How fast are points from AGR Chase card transferred to AGP after closing the statement?


----------



## NJCoastExp (Mar 26, 2008)

I usually get points from my card posted before I get my monthly statement in the mail. YMMV.


----------



## yarrow (Mar 28, 2008)

i find mine credited to agr on the first day of the month for the month just ended


----------



## had8ley (Mar 28, 2008)

I'm still waiting for my 2,500 bonus points for signing up. It's only been since October and Chase is blaming Amtrak and Amtrak is blaming Chase. Guess who is stuck in the middle...


----------



## AlanB (Mar 28, 2008)

had8ley said:


> I'm still waiting for my 2,500 bonus points for signing up. It's only been since October and Chase is blaming Amtrak and Amtrak is blaming Chase. Guess who is stuck in the middle...

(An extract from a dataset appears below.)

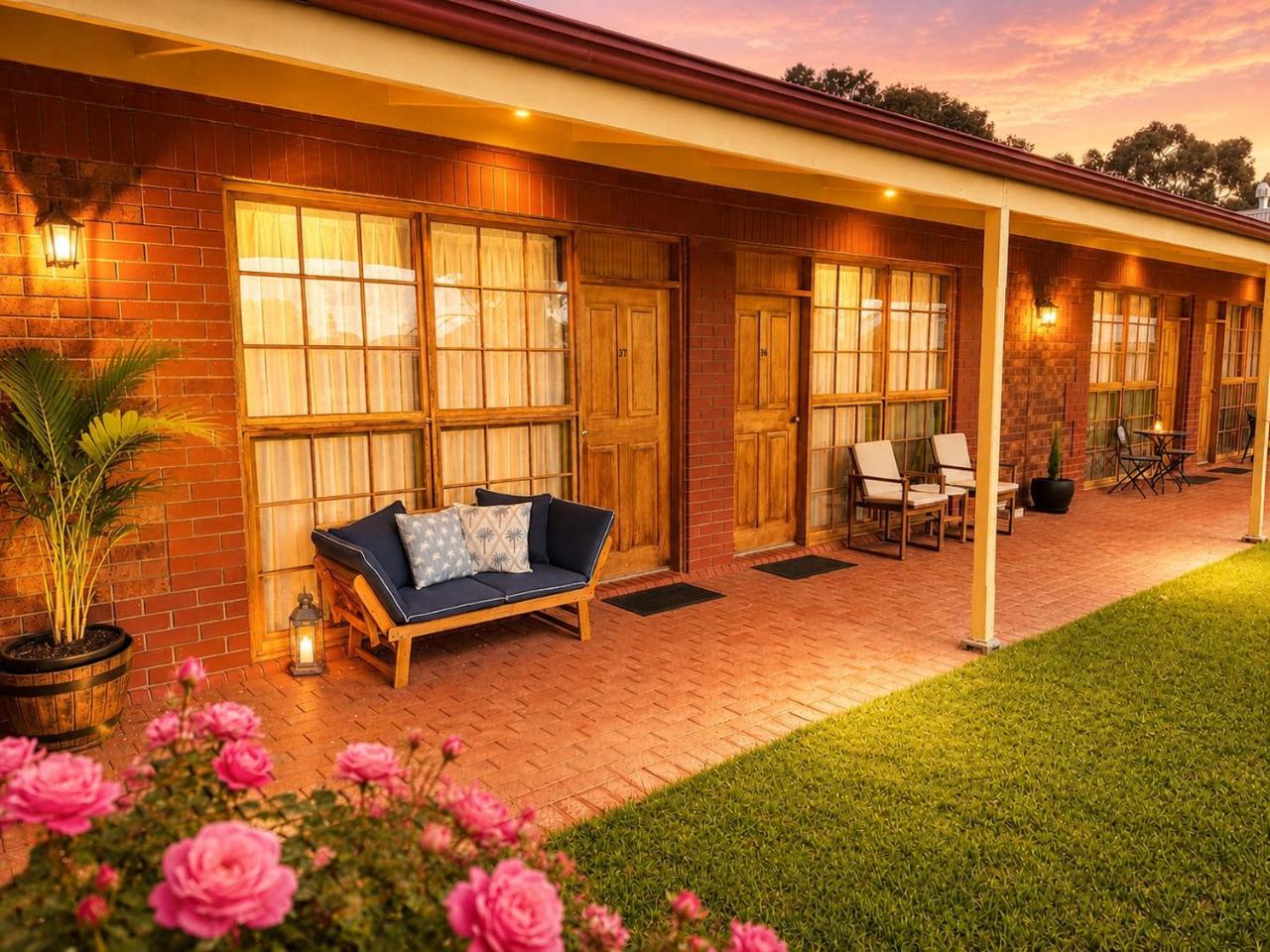 Coonawarra Place Motor Inn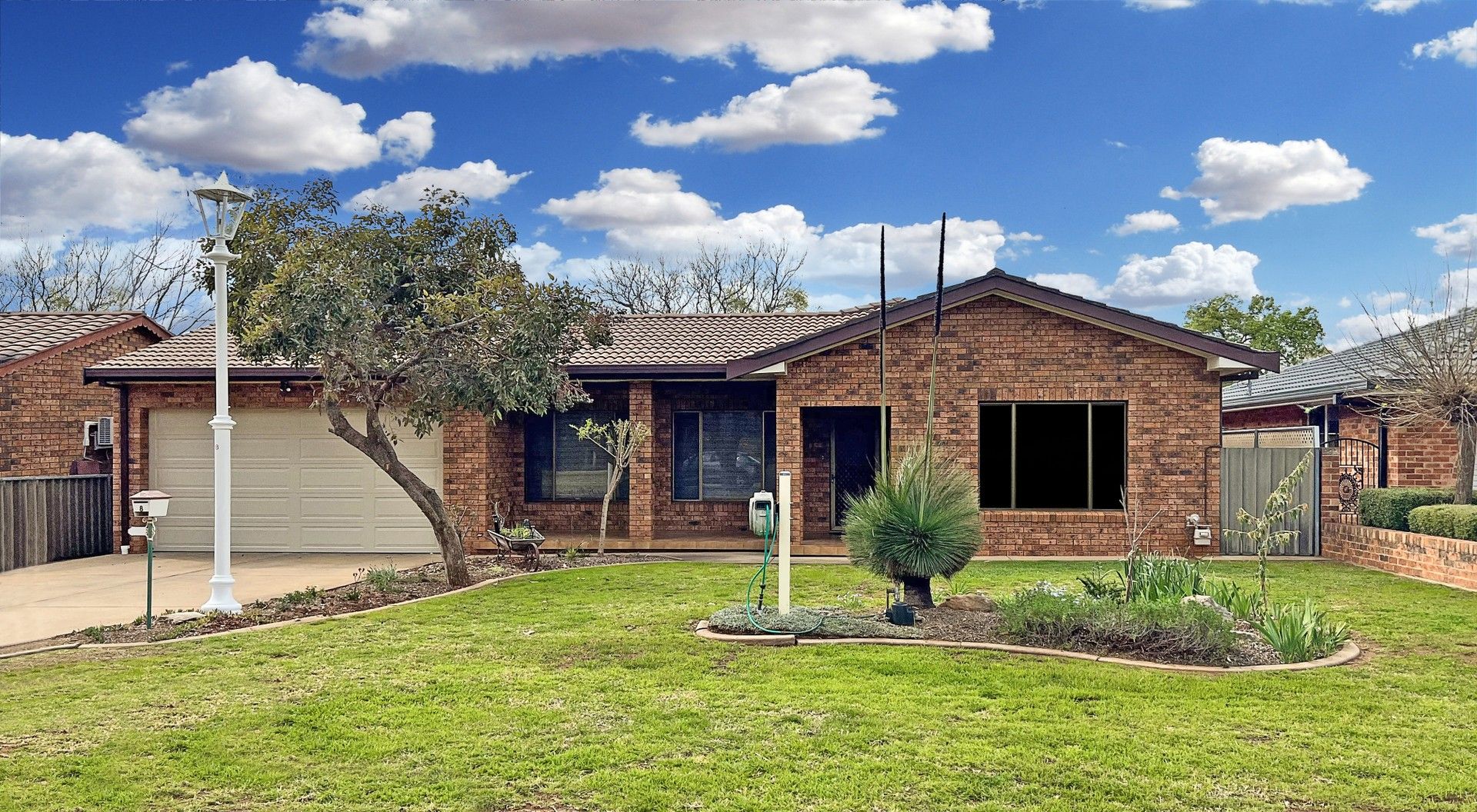 4 bedrooms House in 8 Royal Parade DUBBO NSW, 2830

Have you charged something to the card?


----------



## had8ley (Mar 29, 2008)

AlanB said:


> had8ley said:
> 
> 
> > I'm still waiting for my 2,500 bonus points for signing up. It's only been since October and Chase is blaming Amtrak and Amtrak is blaming Chase. Guess who is stuck in the middle...
> ...


About 5 grand so far dating back to Giordano's last October.


----------



## AlanB (Mar 29, 2008)

had8ley said:


> AlanB said:
> 
> 
> > had8ley said:
> ...


Ouch, that is a bit long. Whose points did you get? Amtrak's or Chase? You were supposed to get 2,500 from Chase and 2,500 from Amtrak and you should be able to tell whose points posted to your account.


----------